** Data follows **

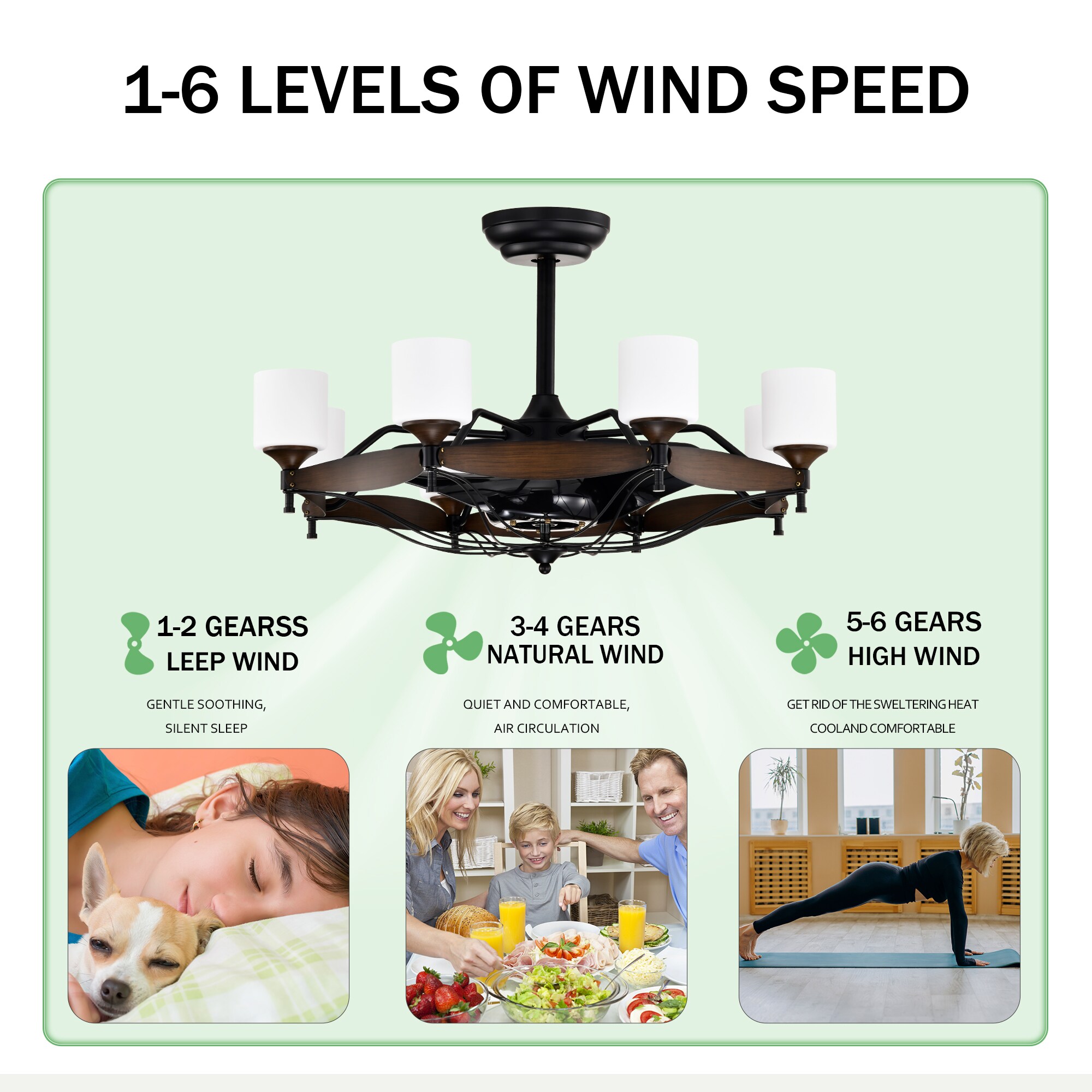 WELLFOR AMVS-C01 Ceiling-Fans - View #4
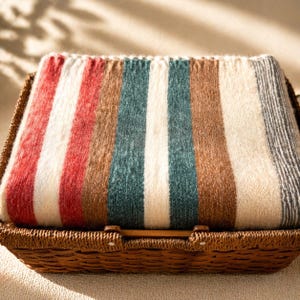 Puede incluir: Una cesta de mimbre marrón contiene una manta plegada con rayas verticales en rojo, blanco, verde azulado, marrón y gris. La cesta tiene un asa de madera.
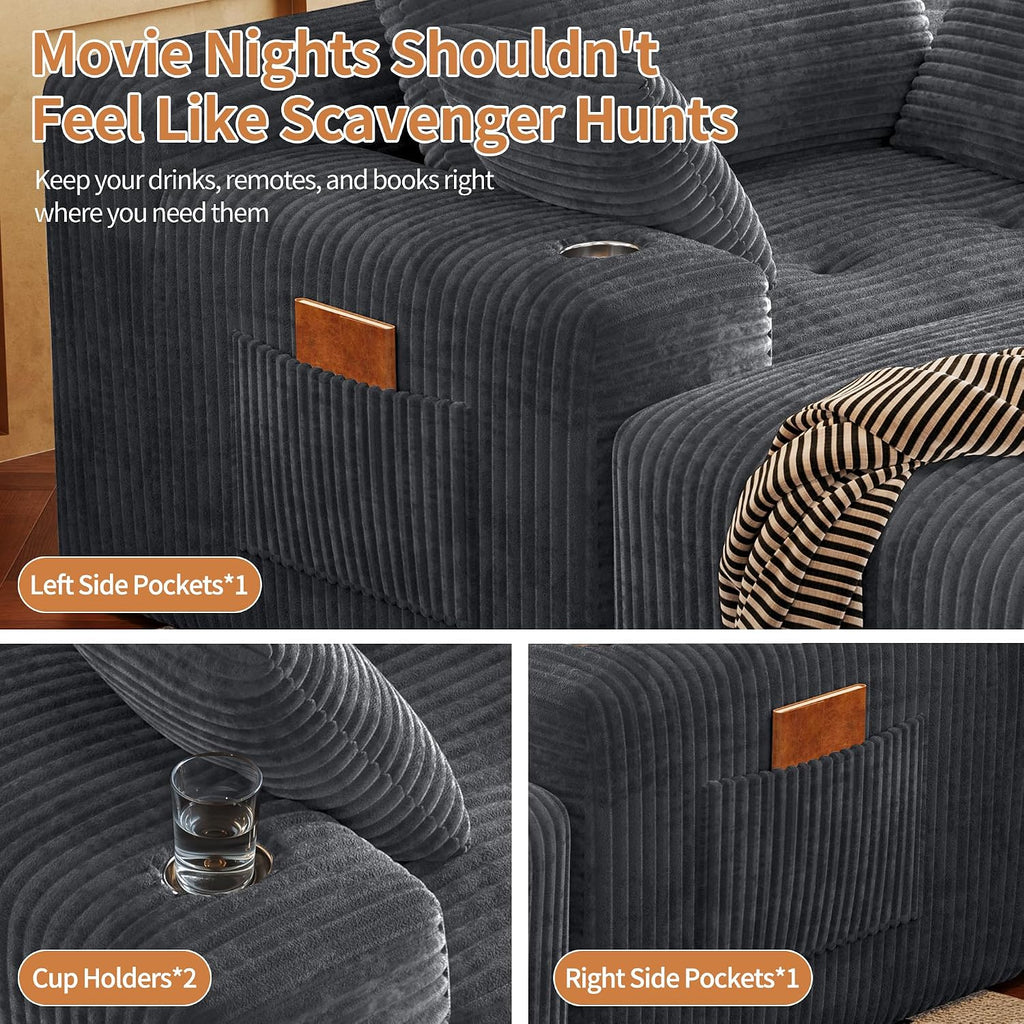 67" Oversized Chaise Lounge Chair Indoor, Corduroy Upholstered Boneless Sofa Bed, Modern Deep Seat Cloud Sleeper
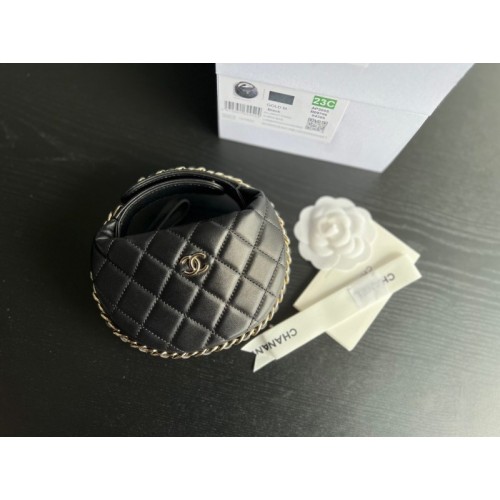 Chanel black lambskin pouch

** End of Data **

Restate word for word the lines starting at the one that contains "Puede incluir: Una" and ending at the last line of the data. Skip every picture.

Problem solution>
 Puede incluir: Una cesta de mimbre marrón contiene una manta plegada con rayas verticales en rojo, blanco, verde azulado, marrón y gris. La cesta tiene un asa de madera.
 67" Oversized Chaise Lounge Chair Indoor, Corduroy Upholstered Boneless Sofa Bed, Modern Deep Seat Cloud Sleeper
 Chanel black lambskin pouch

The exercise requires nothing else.